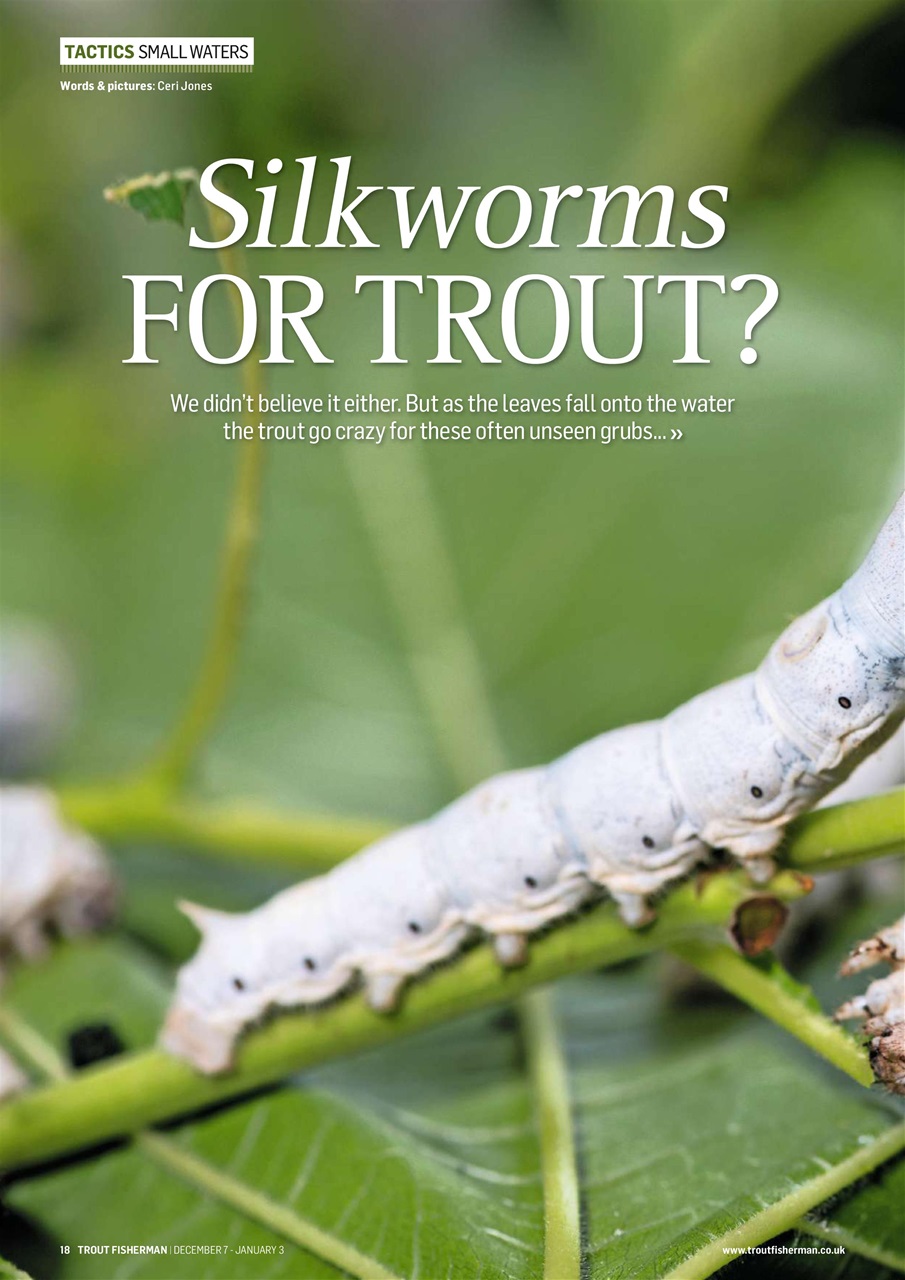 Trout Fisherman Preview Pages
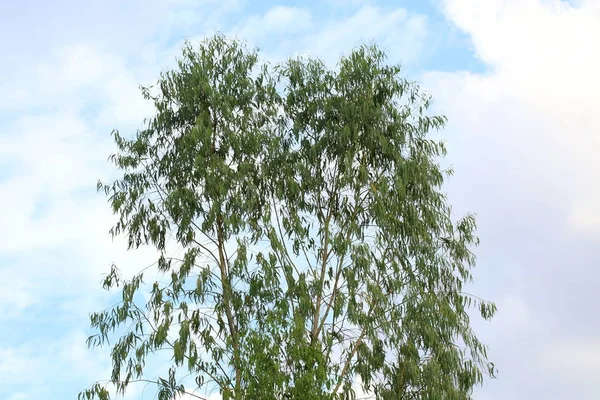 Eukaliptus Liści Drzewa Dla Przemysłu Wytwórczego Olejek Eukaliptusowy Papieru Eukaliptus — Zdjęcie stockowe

__________

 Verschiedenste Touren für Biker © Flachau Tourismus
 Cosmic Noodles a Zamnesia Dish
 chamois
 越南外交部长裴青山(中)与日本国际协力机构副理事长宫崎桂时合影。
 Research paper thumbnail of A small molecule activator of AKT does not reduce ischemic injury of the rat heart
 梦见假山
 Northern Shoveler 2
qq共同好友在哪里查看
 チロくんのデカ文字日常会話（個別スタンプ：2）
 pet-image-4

__________

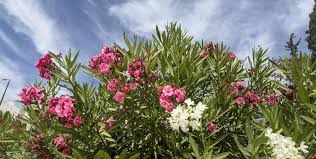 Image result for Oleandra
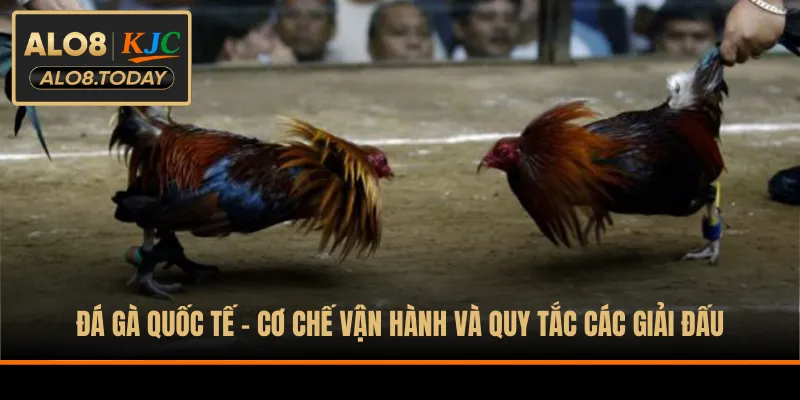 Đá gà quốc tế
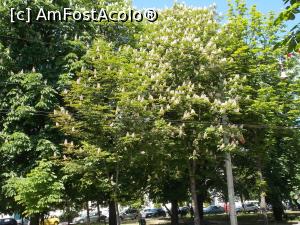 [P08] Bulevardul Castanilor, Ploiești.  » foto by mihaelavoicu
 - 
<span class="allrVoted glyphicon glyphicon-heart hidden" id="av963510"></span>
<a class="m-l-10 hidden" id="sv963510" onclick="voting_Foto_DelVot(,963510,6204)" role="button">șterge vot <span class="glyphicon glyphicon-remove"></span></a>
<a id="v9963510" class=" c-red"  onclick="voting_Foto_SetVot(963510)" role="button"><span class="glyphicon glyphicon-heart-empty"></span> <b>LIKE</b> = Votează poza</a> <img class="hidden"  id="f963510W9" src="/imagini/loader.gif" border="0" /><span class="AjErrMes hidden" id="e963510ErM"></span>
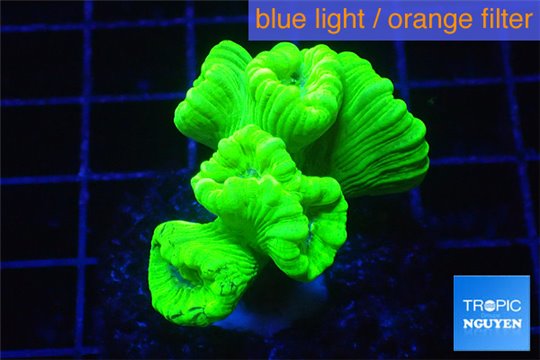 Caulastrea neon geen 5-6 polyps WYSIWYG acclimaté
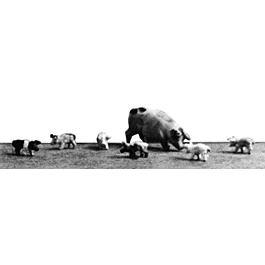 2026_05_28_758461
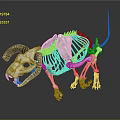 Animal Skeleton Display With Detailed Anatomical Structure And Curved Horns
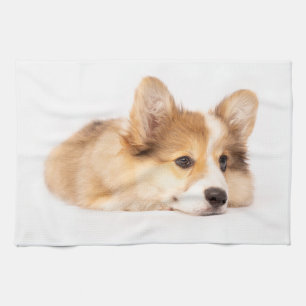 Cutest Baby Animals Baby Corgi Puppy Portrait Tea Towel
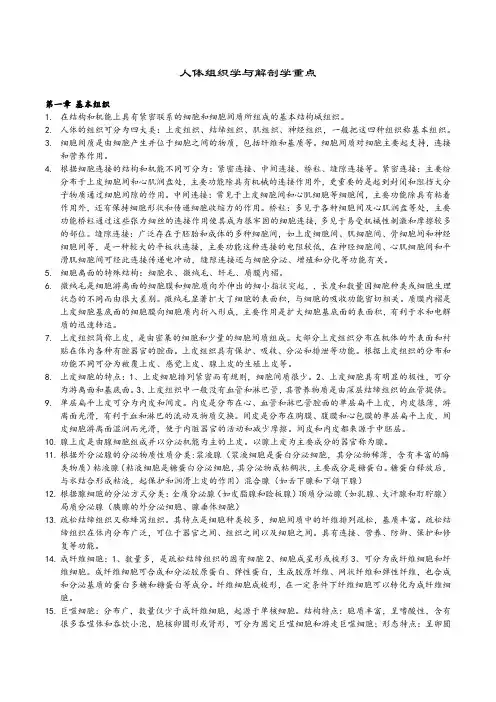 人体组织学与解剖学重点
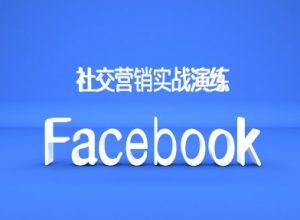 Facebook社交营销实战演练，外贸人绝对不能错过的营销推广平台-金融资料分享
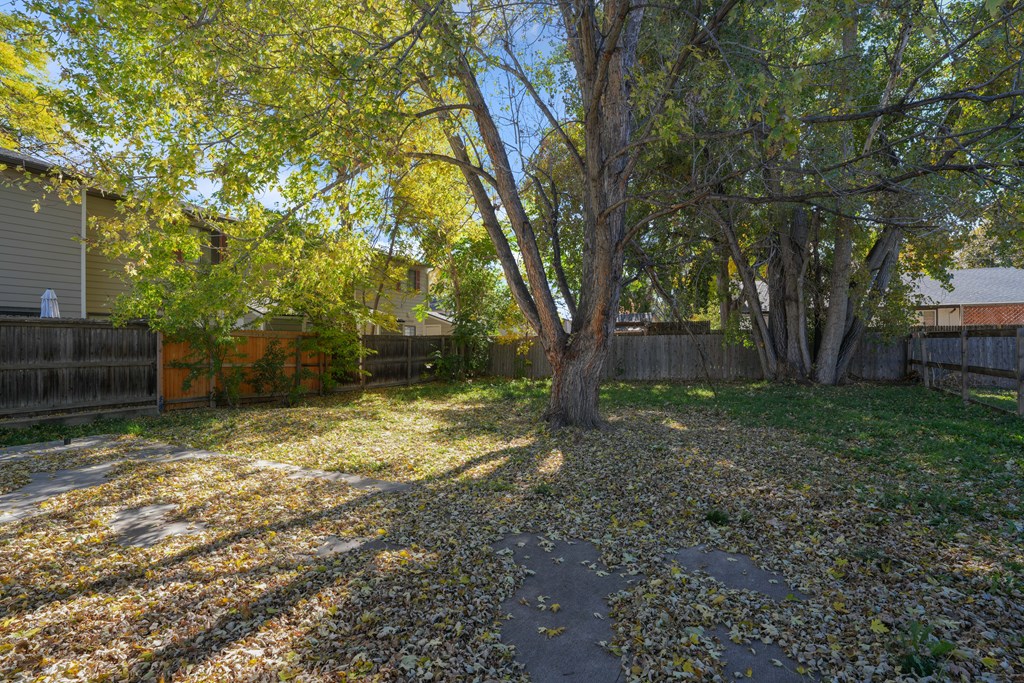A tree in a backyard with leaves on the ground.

__________

**Exercise description:** Using the records above, write out exactly the lines between the one holding "Research paper thumbnail" and the one holding "pet-image-4", inclusive; leave everything else out.

**Your solution:**
 Research paper thumbnail of A small molecule activator of AKT does not reduce ischemic injury of the rat heart
 梦见假山
 Northern Shoveler 2
qq共同好友在哪里查看
 チロくんのデカ文字日常会話（個別スタンプ：2）
 pet-image-4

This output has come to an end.